Ralph also makes a great point; the figures that I gave were to hit the minimum recommended levels. Mr Wise and I live in the Low CEC region of Illinois and for us (speaking toward hay, as corn and soybeans differ) a desired P "range" is 50-70 ( I remembered incorrectly and stated 45 in the earlier post); at @25P, hay's yield is approx 40% of potential, at 40P its yield potential raises to 80%, at 50P its potential is @90%. The desired K range is 260-360. Hay in 140K ground is limited to @80% of its potential, is at or about 97% at 260k, and about 99% at 360K.

So, the way I understand it, you are limited to <25% of your hay yielding potential with your 8P soil.

For Type C, low CEC soil with a 5.6PH, 5.1 ton per acre is recommended of "typical" lime, plowed in to a depth of 9 inches. If not plowing, or not plowing as deep, reduce rate of lime.

As per the UofI, yields are "not dependent on P or K after 70 and 360 respectively; IE, there will be no gain in yield from more fertilizer.

73, Mark


----------



## jwise87 (Sep 16, 2015)

This has been very helpful guys. I went by my local FS yesterday to talk to them about how much N I should come back with now that I have taken my first cutting off and the crop specialist (who looked like the ink wasn't dry on his diploma) wanted me to put down 100 pounds urea and 25 pounds elemental sulfur. I came home and did a little reading on it and I am not so sure, especially since I just read Mark's post about accessing yield potential. According to what I read from the University of Kentucky in low fertility soils the crop will not be able to access the N beyond a certain point and they recommended 50# for a split application this time of year. I also wonder about the sulfur since he made that recommendation on the general idea that sulfur will be low do to lower emissions. However, no crop has been removed from this ground in ~20 years and it is literally within 2 miles of a strip mine that produced high sulfur coal. I am going to come back after my last cutting and hit it with the p and k to build it up but I wanted this N so I could get another cutting or two off of it. I only got about 300 bales, although since I had the baler set wrong they were HEAVY, off of the 15 acres I cut.


----------



## r82230 (Mar 1, 2016)

jwise87 Posted Today, 08:40 AM

~20 years and it is literally within 2 miles of a strip mine that produced high sulfur coal.

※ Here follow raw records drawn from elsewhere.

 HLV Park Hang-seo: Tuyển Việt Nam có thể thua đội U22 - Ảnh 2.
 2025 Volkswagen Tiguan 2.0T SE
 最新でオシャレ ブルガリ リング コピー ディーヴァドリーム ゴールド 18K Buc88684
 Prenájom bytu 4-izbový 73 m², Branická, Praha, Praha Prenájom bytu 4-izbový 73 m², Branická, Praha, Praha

I though the sulfur that we "received free" was from coal fired power plants emissions for years. And now that they have either closed the coal fired plants or add a scrubbers to remove the emissions, we are not receiving the free sulfur, anymore. Was I mislead (again)?

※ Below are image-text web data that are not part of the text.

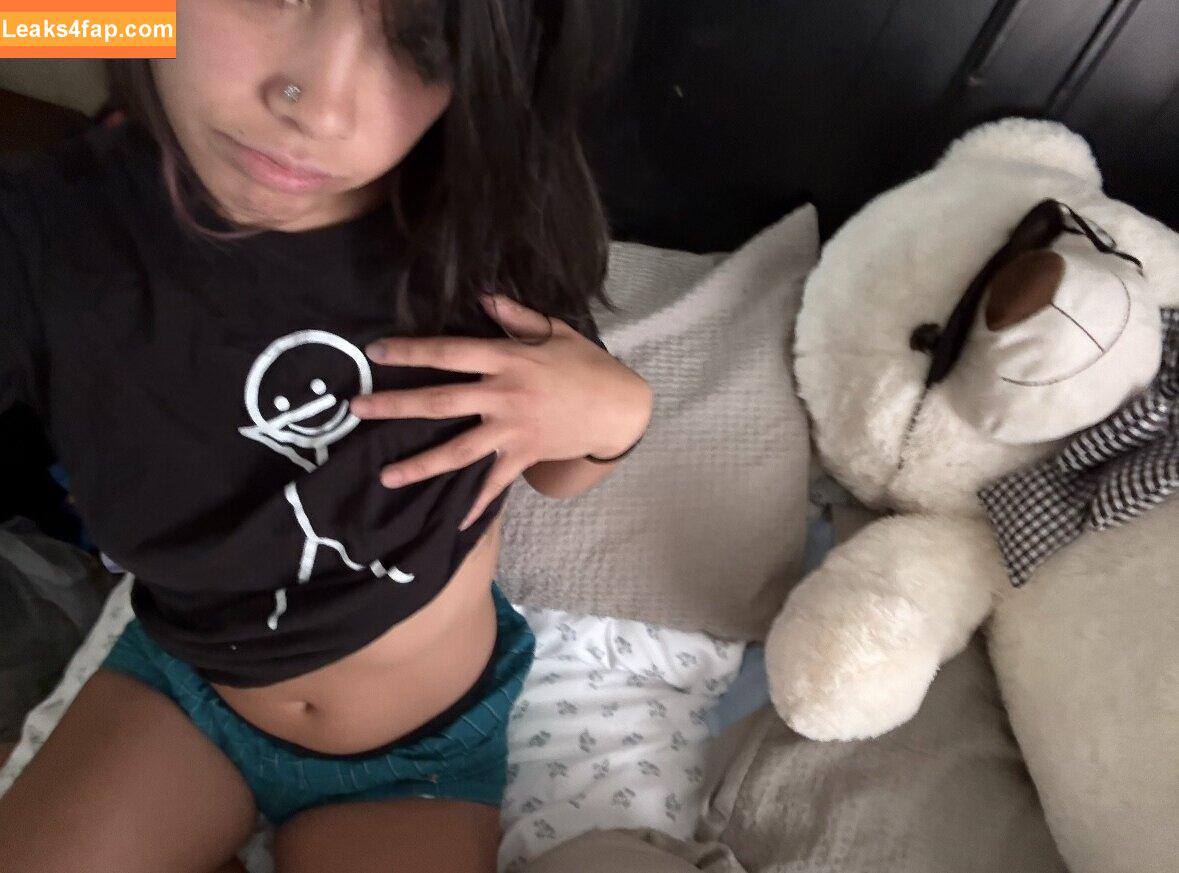 Angelina Fishtank / 2and3dar_t / Purplemoths143 / angelinnareyes / purplemoths leaked photo photo #0015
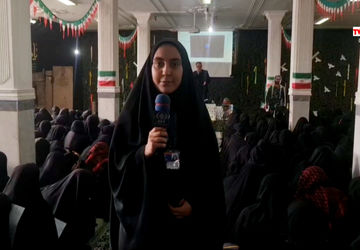 انس و ارادت دانش‌آموزان دبیرستان سید احمد فاتحی قم نسبت به شهدا 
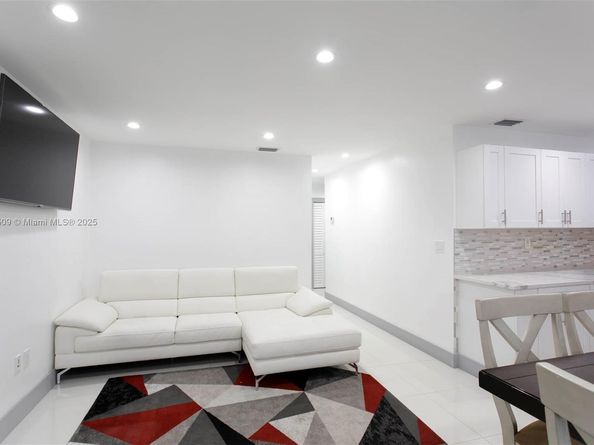 1027 NW 28th Ave, Miami FL 33125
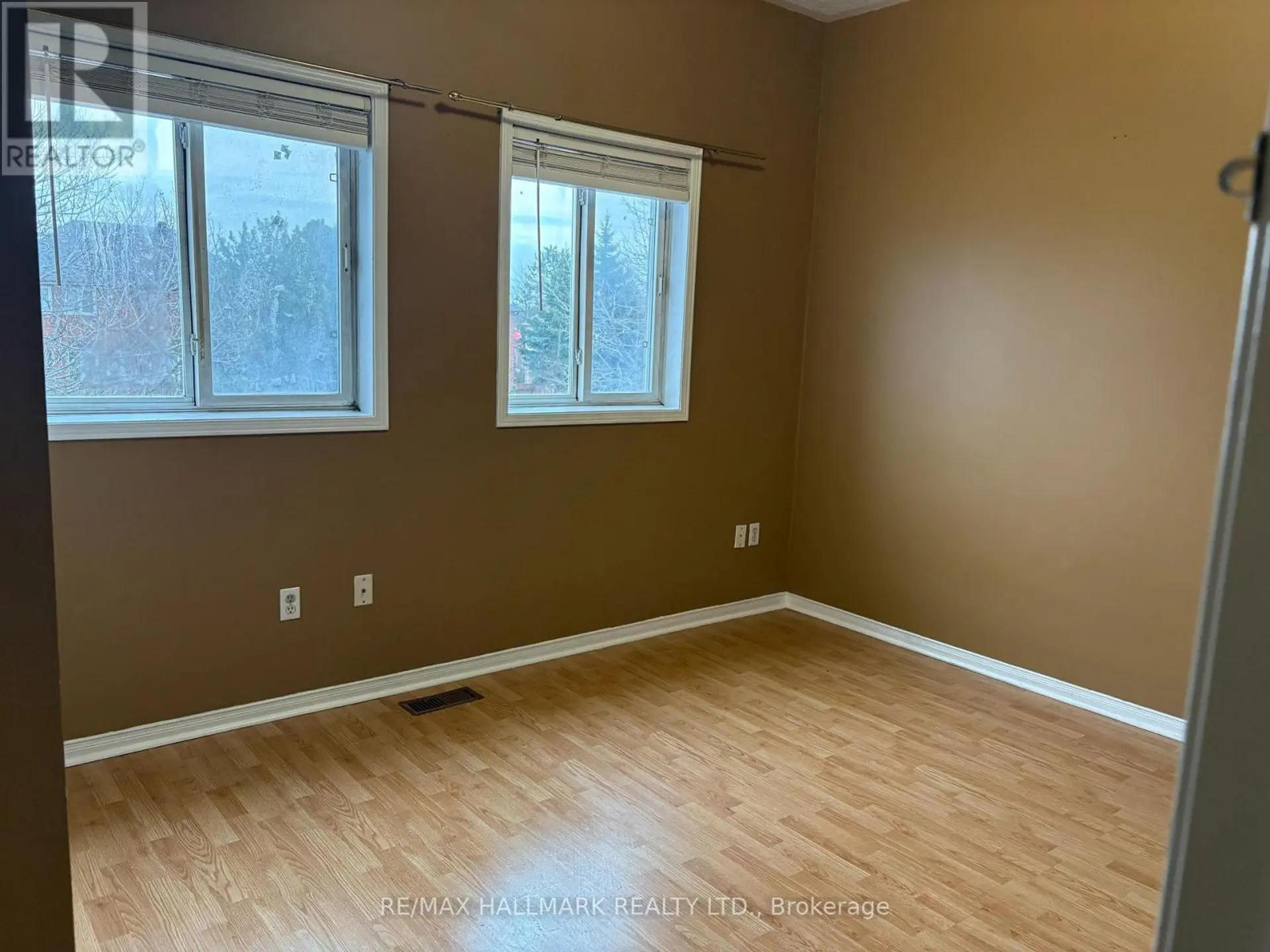 138 SPADINA ROAD - Image 6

Someday, I might be smarter than a fifth grader, but apparently not today.


----------



## Mellow (Jun 22, 2015)

Sulfur is like nitrogen and moves in the soil structure so it needs to be applied every year or after every cutting if splitting. Also consider a little Boron which helps nutrient uptake. I spray a pint or quart/ac with my nitrogen. Your low CEC will also limit the amount of nutrients that the soil will be able to hold so applying too much will be a waste of money.


----------



## Vol (Jul 5, 2009)

25 pounds per acre of sulphur sounds about right....if you are hesistant, do a soil test for S and maybe a micro test. Here we apply sulphur every couple of years on average.

Regards, Mike


----------